When I need a multi-map (ranged lookup) or sorted flattening of a collection, then it can't be a hashtable.
The largest difference between the two is the underlying structure used in the implementation.
HashMaps use an array and a hashing function to store elements. When you try to insert or delete an item in the array the hashing function converts the key into an index on the array where the object is/should be stored (ignoring conflicts). While hashmaps are generally very fast because they don't need to iterate over large amounts of data, they slow down when they're filled because they need to copy all the key/values into a new array.
TreeMaps store a the data in a sorted tree structure. While this means that they'll never have to allocate more space and copy over to it, operations require that part of the data already stored be iterated over. Sometimes changing large amounts of the structure.

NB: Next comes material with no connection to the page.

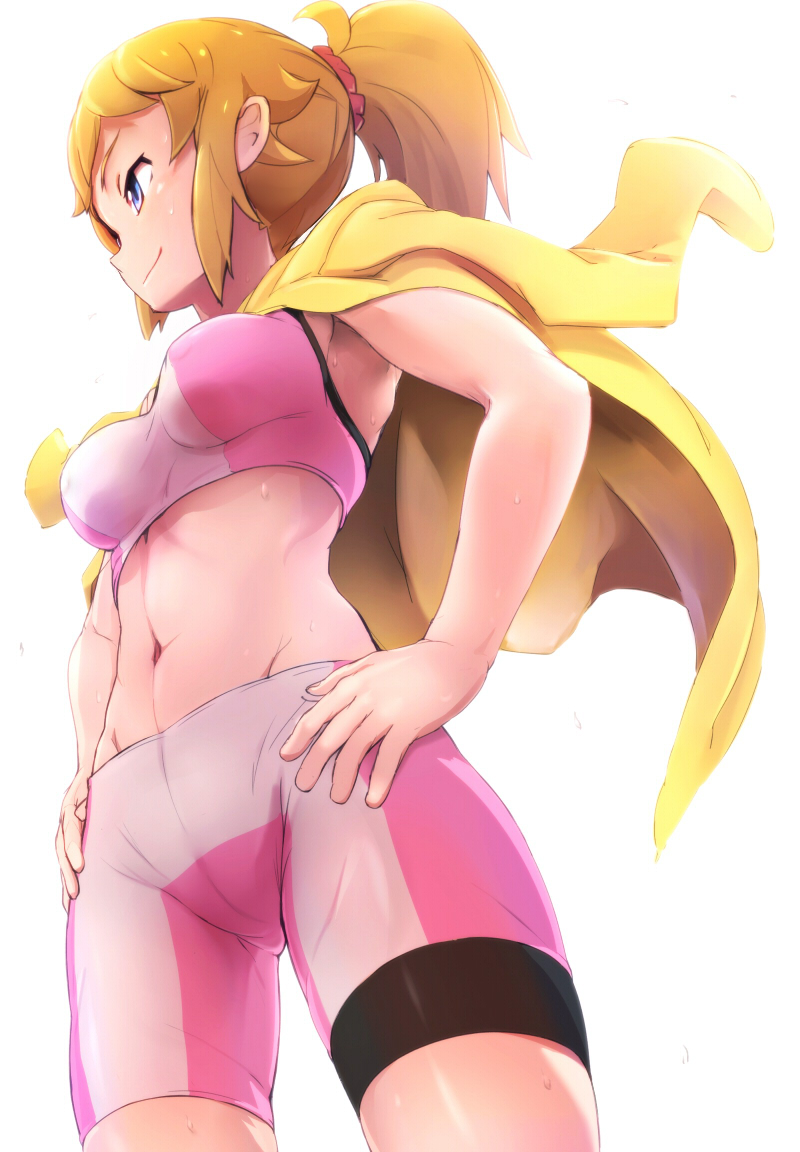 1girl bike_shorts blonde_hair blue_eyes breasts brown_hair closed_mouth commentary_request erect_nipples from_below gundam gundam_build_fighters gundam_build_fighters_try hair_ornament hair_scrunchie hands_on_hips hoshino_fumina jacket jacket_on_shoulders medium_breasts midriff nanjin navel ponytail revision scrunchie simple_background smile solo sports_bra standing white_background yellow_jacket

Out of the two Hashmaps will generally have better performance when you don't need sorting.
Inserting new elements into a HashMap will, on average, be a good deal faster than inserting elements into a TreeMap. Unless you need your elements sorted, I'd go with the HashMap.
Don't forget there is also LinkedHashMap which is nearly as fast as HashMap for add/contains/remove operations but also maintains the insertion order.